Par exemple, il apparaît en 1964 dans une entrevue avec Dr Martin Luther King Jr. :
« [Question] :Avez-vous constaté que la résistance des Blancs aux demandes des Noirs se durcit — sous la forme d’un vote en bloc de la part des Blancs?
[Réponse de MLK] : Je pense qu’une partie de ce phénomène est inévitable dans une période de transition sociale. Beaucoup de gens dans le Nord ont pris conscience qu’ils avaient probablement des préjugés beaucoup plus profonds qu’ils n’en avaient conscience. Il a fallu que la communauté noire et ses allié.e.s au sein de la communauté blanche fassent pression pour que toute cette question remonte à la surface en 1963. » (Entrevue avec le U.S. News, traduction libre).
Les critiques contre la notion d’allié.e
Le concept d’allié.e peut aussi susciter des critiques.
Certaines critiques soulignent qu’il peut parfois être associé à une posture symbolique, adoptée davantage pour se rassurer ou se valoriser que pour contribuer activement à faire progresser les causes.
Il arrive aussi que, malgré de bonnes intentions, des personnes qui se définissent comme alliées adoptent des attitudes qui peuvent s’avérer contre-productives, par exemple :
- Prendre la parole à la place des personnes LGBTQ+;
- Ne pas réellement écouter leurs vécus;
- Reformuler ou s’approprier leurs messages;
- Croire être à l’abri des préjugés;
- Réagir négativement aux critiques;
- Attendre des personnes concernées qu’elles fassent tout le travail d’éducation.
Ces attitudes peuvent générer un sentiment de trahison. Se confier à quelqu’un qu’on croit allié.e, mais qui réagit de manière inadéquate (en posant des questions déplacées, en ne respectant pas la confidentialité, ou en invalidant l’identité de la personne) peut être doublement blessant.
Être ou ne pas être allié.e?
À l’inverse, une vision trop rigide ou exigeante de ce que serait une « vraie personne alliée » peut aussi soulever des enjeux.
Certaines personnes hésitent à se reconnaître comme alliées, car le mot leur semble trop militant, ou associé à une posture qu’elles ne s’approprient pas.
D’autres hésitent à se positionner par peur de mal faire, d’être jugées ou de ne pas en faire assez.
« Je ne connais pas tous les termes. »
« Je ne sais pas toujours comment réagir quand quelqu’un fait une blague déplacée… »
Pourtant, la présence visible de personnes alliées est essentielle pour faire avancer les droits des personnes LGBTQ+ et créer des environnements plus inclusifs (voir notre article L’importance des personnes alliées).
Exiger la perfection des personnes alliées peut freiner leur engagement et les dissuader d’agir.
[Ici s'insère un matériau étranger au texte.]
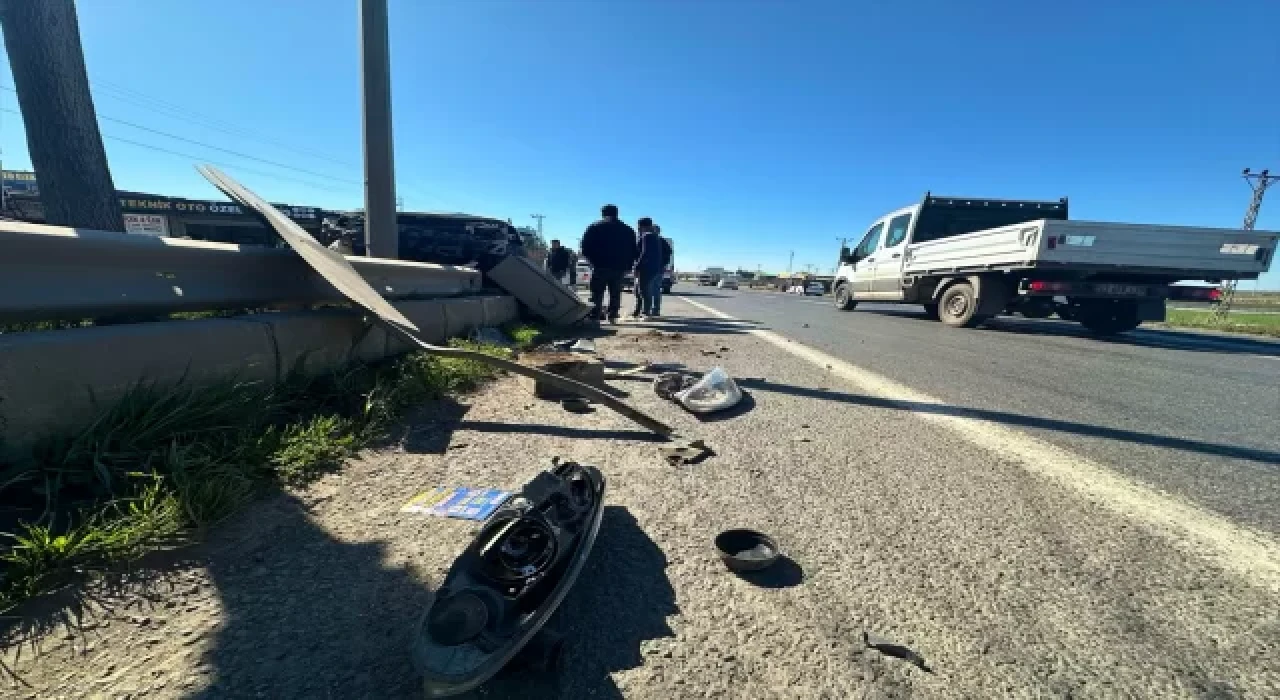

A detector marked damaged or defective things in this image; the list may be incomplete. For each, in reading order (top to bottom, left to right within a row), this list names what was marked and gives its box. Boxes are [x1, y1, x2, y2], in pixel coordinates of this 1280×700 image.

damaged guardrail [1, 220, 480, 324]
broken car part [198, 165, 672, 438]
shattered plastic piece [568, 336, 596, 352]
shattered plastic piece [656, 372, 696, 400]
broken car part [676, 364, 744, 412]
shattered plastic piece [676, 370, 744, 412]
shattered plastic piece [664, 438, 716, 464]
broken car part [712, 528, 780, 572]
broken car part [412, 460, 608, 696]
shattered plastic piece [412, 460, 608, 696]
round broken component [430, 592, 490, 644]
shattered plastic piece [860, 632, 928, 668]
Il est donc important de valoriser les efforts progressifs et sincères, même imparfaits.
La clé réside dans la nuance. Être allié.e, ce n’est pas atteindre un idéal, c’est choisir d’avancer, de s’impliquer, et de s’améliorer.
S’allier,un parcours plus qu’une destination?
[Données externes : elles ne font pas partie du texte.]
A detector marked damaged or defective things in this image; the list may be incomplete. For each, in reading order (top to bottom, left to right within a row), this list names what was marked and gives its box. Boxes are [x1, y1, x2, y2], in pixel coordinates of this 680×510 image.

On pense parfois qu’il y aurait, d’un côté, les « vraies » personnes alliées, irréprochables et toujours engagées, et de l’autre, celles qui ne le sont pas du tout. Mais la réalité est rarement aussi tranchée.
Être une personne alliée, ce n’est pas un titre qu’on obtient une fois pour toutes. C’est un parcours, un apprentissage continu. C’est une façon de se positionner, d’agir, d’écouter et de recommencer.
On peut voir ça comme un continuum :
- Parfois, on n’est pas encore conscient.e des LGBTQphobies.
- Parfois, on les voit, mais on ne sait pas comment réagir.
- Parfois, on commence à s’informer, à poser des questions.
- Puis on soutient, on parle, on agit, on prévient.
Chacun.e avance à son rythme. Ce qui compte, c’est de rester en mouvement.
Plutôt que dese demander « Suis-je une vraie personne alliée? », on peut seposer une question plus utile : Où est-ce quej’en suis dans mon parcours? Et qu’est-ce que je peux faire de plus?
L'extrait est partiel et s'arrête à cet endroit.